Saturday, April 6, 2013

Vielen Dank! A Feature about the Crew!

I am thrilled and honored to be the featured international teddy bear artist portrait this month on the Kuscheltier News website! The article is in German, but I have added an English translation below for you. (Speaking of translations, I've also added a translation function in the right-hand sidebar of this site. Hope it helps!)

Kuscheltier News (which means Soft Animal News) also published a full-length article about me and New Avenue Crew in its June 2011 PDF magazine issue. Vielen Dank für beide Artikel (many thanks for both articles)!

Here is the international teddy bear artist portrait about me and New Avenue Crew. You can click on the pictures to see them larger.

[Translation of the article text by an online translator]

Debora Hoffmann came into the world near the Pacific coast in Southern California, and she grew up in a house with many antiques. As a child, she played with her mother's toys from the 1940 and '50s, including a big teddy bear that had presumably belonged to one of her uncles. Because her mother sewed many clothes and made various other things by hand, Debora grew up with an interest in creating. To connect her memories of her wonderful childhood with her later work as a teddy bear artist, she chose to name her bears for the street where she had grown up: New Avenue.

Debora's bears come in various shapes and sizes, depending on which ideas the artist has in her head at the time. Although most of her bears are in the traditional style (with inspiration from the Steiff and Bing teddy bears of the early 20th century), Debora has also designed and created some whimsical bears, some pandas, a few cats, and even a pig. For fur, her favorite to use is mohair, and she uses Ultrasuede for paw pads because she likes that it is so soft.
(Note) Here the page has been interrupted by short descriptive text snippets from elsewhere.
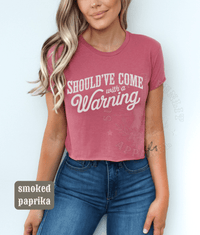 Thumbnail for Come With a Warning Wallen Concert Crop Top - Sunlit Funlit | Graphic Tees for Country Concert Addicts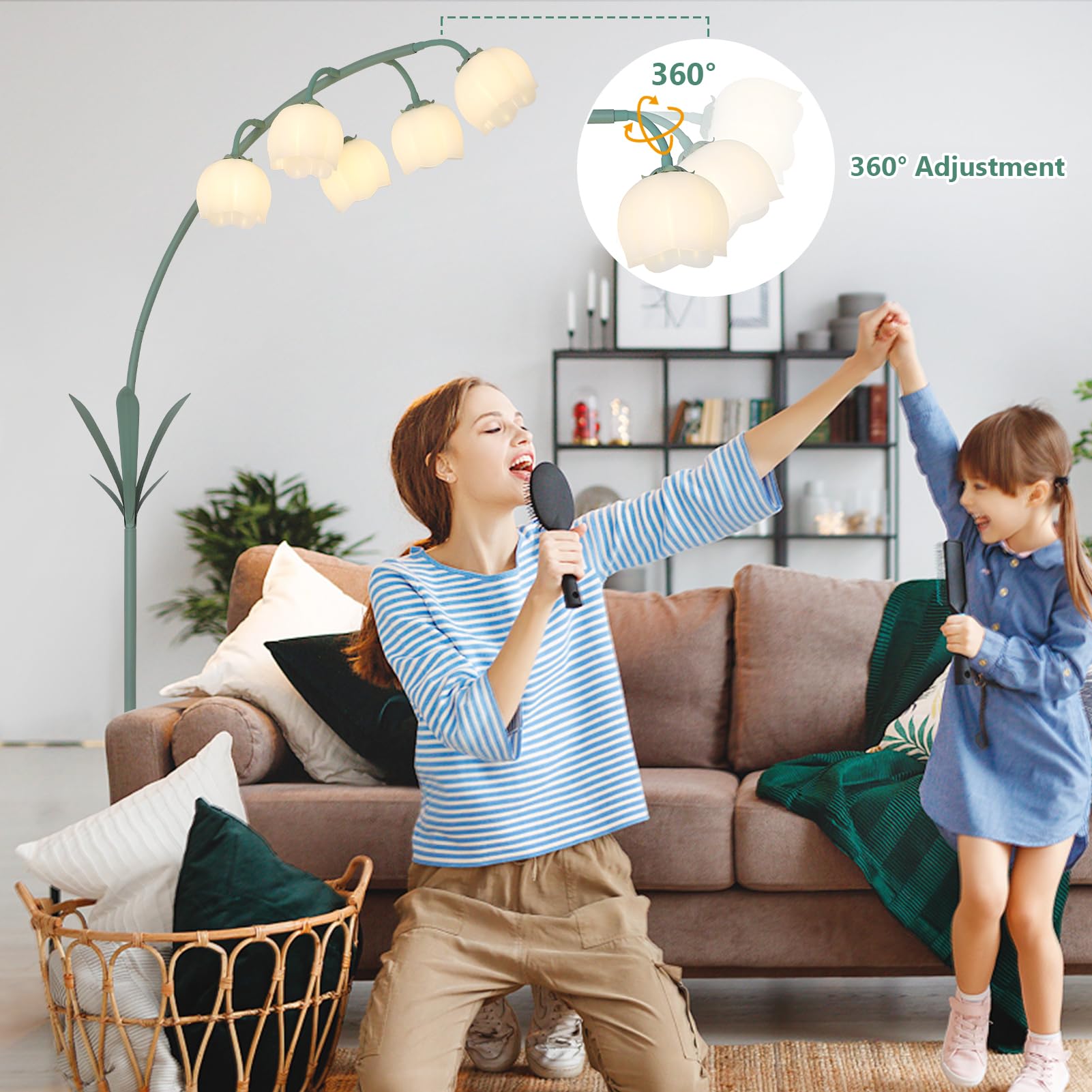 HMVPL 66-inch-arc-lamp features adjustable shade for versatile angles.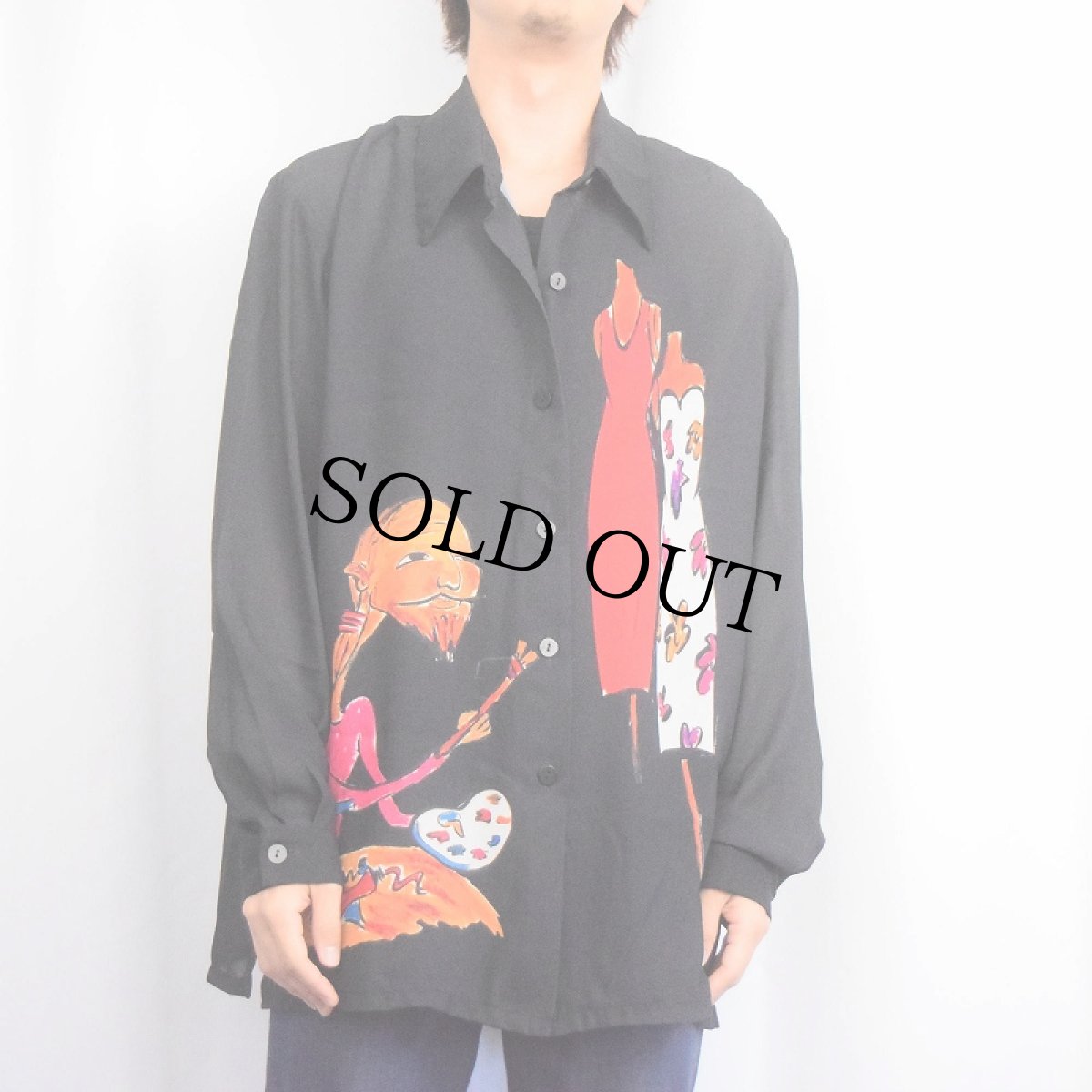 画像2: 80〜90's Lisa Mia USA製 アート柄 ポリエステルシャツ BLACK XL (2)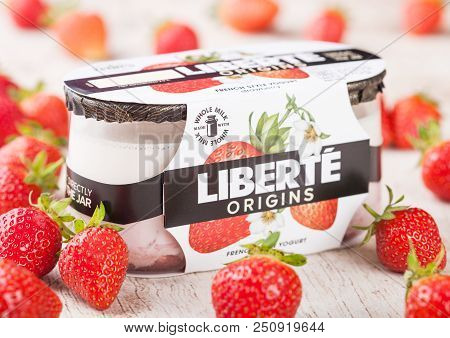 London, Uk - July 28, 2018: Pack Of Liberte Origins French Style Yogurt With Strawberry Flavour On W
She also puts alpaca, wool felt, and glass or shoe button eyes on the top of her materials list. New Avenue Crew bears should invite hugs and cuddles whether they are big or small. The bears’ appearance should provide the impression to their potential new owners that they could become their best and closest friends if they are chosen for adoption. In the course of being made, most of Debora’s bears turn out to be boys, but girls are also present every now and then.

As a 13-year-old, Debora had her first experience making teddy bears when she sewed two teddies with movable arms and legs: one from golden-brown felt, and the second from reddish-brown velour. They both originated without a pattern from her own design, and Debora would be glad to still have her first works today, but she did not keep them. Then in the middle of the '90s, she sewed three or four bears from synthetic plush using patterns from a book. At that time, the material's backing was thick and stretched in all directions when stuffed. And also, Debora couldn't achieve the results she wished using these patterns. She was frustrated with her bear making at first, until summer 1996 when she took part in a course taught by Claudia Wagner.

This took place during a teddy bear convention in Southern California. Every participant got a presewn mohair bear that they needed to finish. Debora says, "I finished this small bear and loved him. And during the work, I discovered my preference for mohair. I went home and began to sketch my first pattern. And in August of the same year, New Avenue Crew was born."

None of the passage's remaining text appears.